A Hybrid Rough Aggregation Approach for the Selection of Artificial Intelligence-Based Industrial Cleaning Robots Used in Public Spaces From the Perspective of Urban Waste Management

Abstract

Waste management is becoming increasingly complex and challenging, especially in megacities with large populations. Unlike the past, when urban waste was simply collected and disposed of, modern waste management requires careful planning and execution of collection, separation, recycling, and reuse processes. Effective management of this complex system now needs more than just human effort. Integrating artificial intelligence (AI)-based systems into waste management can enhance waste reduction, reuse, and recycling effectiveness and efficiency. Selecting suitable AI-based cleaning robots (AI-ICR) for crowded public spaces, such as stations, train stations, and airports, poses complex decision-making challenges.

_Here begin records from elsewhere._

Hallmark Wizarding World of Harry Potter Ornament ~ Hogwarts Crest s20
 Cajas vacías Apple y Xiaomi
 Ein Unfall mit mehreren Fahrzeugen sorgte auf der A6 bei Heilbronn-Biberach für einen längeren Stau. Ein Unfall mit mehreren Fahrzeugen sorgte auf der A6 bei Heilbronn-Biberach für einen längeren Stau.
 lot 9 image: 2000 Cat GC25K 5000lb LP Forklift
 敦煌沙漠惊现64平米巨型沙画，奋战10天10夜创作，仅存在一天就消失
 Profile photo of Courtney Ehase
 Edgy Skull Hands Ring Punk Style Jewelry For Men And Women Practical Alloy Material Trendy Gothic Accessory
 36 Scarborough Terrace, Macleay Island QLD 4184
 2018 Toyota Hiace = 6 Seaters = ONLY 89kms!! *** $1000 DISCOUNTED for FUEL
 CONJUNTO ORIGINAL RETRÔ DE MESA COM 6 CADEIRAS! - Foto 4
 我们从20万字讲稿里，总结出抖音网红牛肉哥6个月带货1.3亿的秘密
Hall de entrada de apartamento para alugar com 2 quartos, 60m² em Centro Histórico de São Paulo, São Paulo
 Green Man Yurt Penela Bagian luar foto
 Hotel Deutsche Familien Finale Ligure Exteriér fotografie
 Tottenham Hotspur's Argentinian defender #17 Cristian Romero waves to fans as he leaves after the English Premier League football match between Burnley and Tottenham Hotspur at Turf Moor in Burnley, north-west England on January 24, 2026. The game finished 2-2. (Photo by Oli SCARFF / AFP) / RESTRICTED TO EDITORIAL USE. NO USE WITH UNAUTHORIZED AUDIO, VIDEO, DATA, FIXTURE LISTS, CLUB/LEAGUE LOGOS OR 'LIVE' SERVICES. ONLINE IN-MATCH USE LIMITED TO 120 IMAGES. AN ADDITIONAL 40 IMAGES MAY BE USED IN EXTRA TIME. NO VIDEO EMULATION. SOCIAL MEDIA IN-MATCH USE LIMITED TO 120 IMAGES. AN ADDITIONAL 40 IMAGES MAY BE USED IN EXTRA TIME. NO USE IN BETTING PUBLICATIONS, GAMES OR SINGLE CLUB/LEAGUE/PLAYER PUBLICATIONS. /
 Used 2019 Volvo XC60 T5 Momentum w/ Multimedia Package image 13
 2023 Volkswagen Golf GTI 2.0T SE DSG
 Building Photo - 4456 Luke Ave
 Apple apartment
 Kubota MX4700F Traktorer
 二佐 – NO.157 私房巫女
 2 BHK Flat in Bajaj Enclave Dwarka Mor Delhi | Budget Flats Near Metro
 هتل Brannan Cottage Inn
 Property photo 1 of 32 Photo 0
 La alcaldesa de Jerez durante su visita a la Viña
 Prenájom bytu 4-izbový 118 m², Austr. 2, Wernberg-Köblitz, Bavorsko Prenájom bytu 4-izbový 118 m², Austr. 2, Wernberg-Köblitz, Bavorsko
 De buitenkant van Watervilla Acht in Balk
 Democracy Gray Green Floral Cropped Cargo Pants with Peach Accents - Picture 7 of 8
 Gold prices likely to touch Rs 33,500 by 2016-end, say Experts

The primary challenge is the novelty of the technology, which leads to uncertainties in selecting AI-ICRs. To address this challenge, we have developed a decision-making approach based on rough Archimedean-Dombi partitioned aggregation. This approach, termed "rough Archimedean-Dombi partitioned aggregation," combines the flexibility of Archimedean operators, the smoothness of Dombi operators, and the structured decomposition of Partitioned operators. This model is mainly chosen for its ability to handle the uncertainty and complexity inherent in multiple criteria decision-making (MCDM) processes. Leveraging rough numbers provides a robust framework for evaluating AI-ICRs under uncertain conditions. The main advantage of this model is its robustness, consistency, stability, and ability to handle complex uncertainties. We applied the proposed model to assess four AI-ICR alternatives identified through extensive research. We evaluated these alternatives using eighteen criteria established through comprehensive field studies. Based on the results, "Recycling cost (B12)" emerged as the most crucial criterion for selecting AIICRs. Additionally, the research identifies the SD45 manufactured by Peppermint Robotics Co. as the optimal AIICR candidate. Finally, the sensitivity and benchmark analyses to validate the proposed model confirm its robustness, consistency, and reliability.